Information shown:
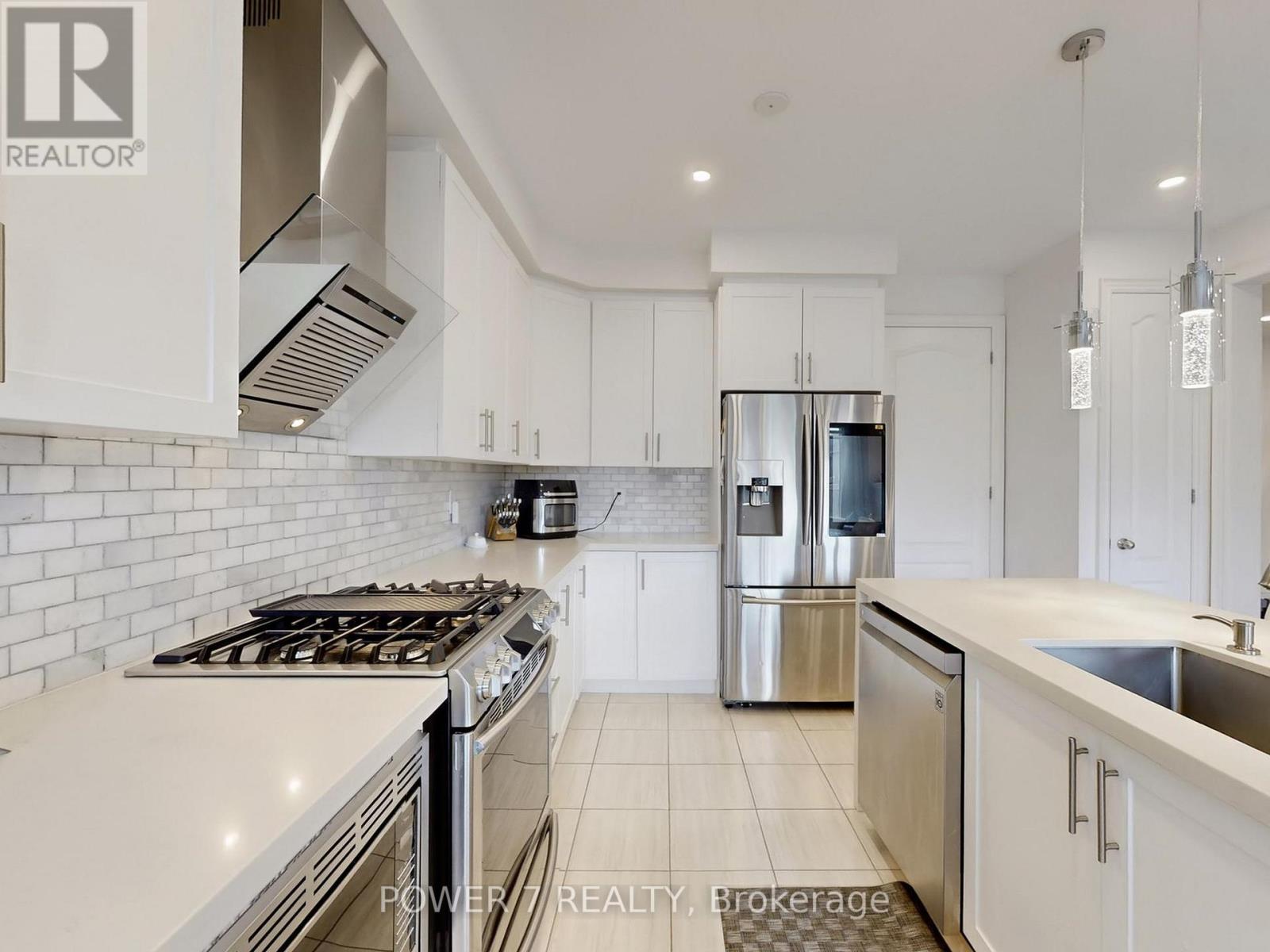 2417 Dress Circle Crescent, Oshawa, Ontario  L1L 0L9 - Photo 13 - E12488742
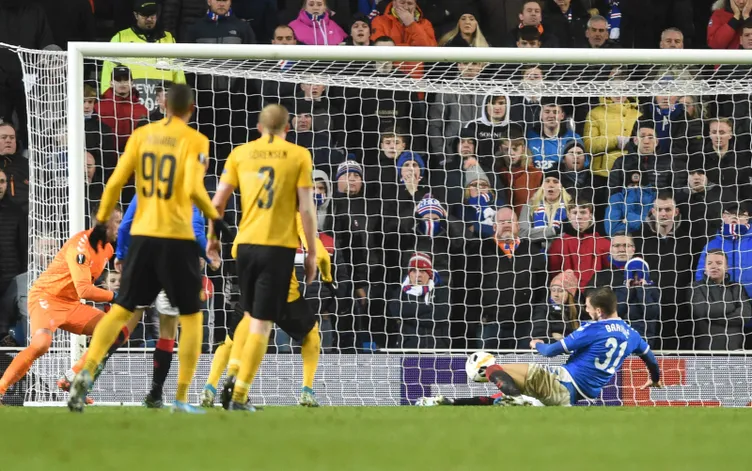 UEFA resmen açıkladı! Galatasaray'dan Fenerbahçe'ye büyük fark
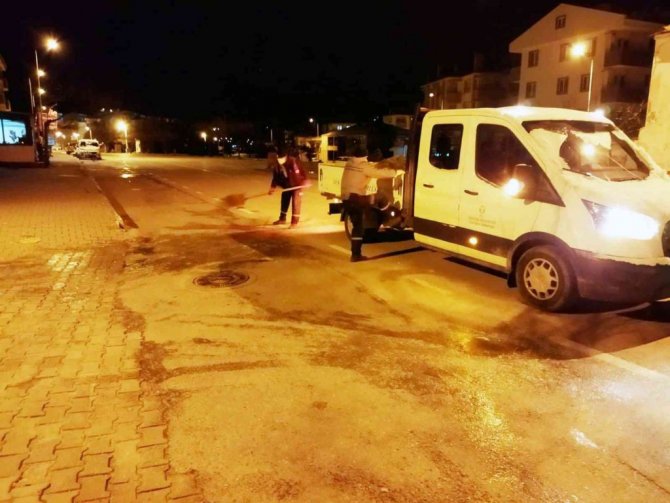 Menteşe’nin sokak ve caddelerinde tuzlama çalışması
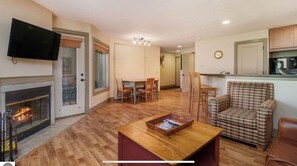 Interior - Crystal Mountain Condo Great Location Dog Friendly! (Thompsonville)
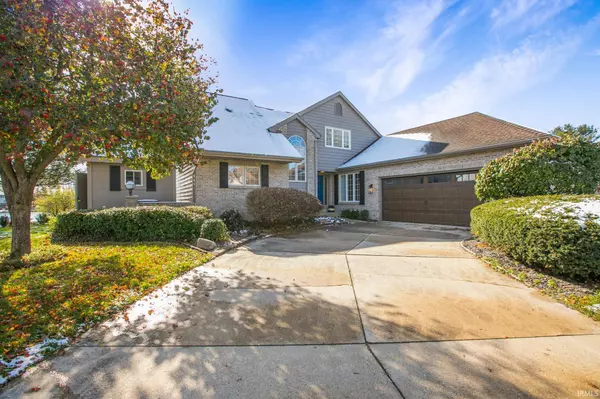 11356 Anderson Lake Drive, Granger, IN 46530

Problem description: Beginning with the line that contains "UEFA resmen açıkladı!", output every line down to the last line of the entries above exactly as written, apart from the pictures.

Solution to the exercise:
 UEFA resmen açıkladı! Galatasaray'dan Fenerbahçe'ye büyük fark
 Menteşe’nin sokak ve caddelerinde tuzlama çalışması
 Interior - Crystal Mountain Condo Great Location Dog Friendly! (Thompsonville)
 11356 Anderson Lake Drive, Granger, IN 46530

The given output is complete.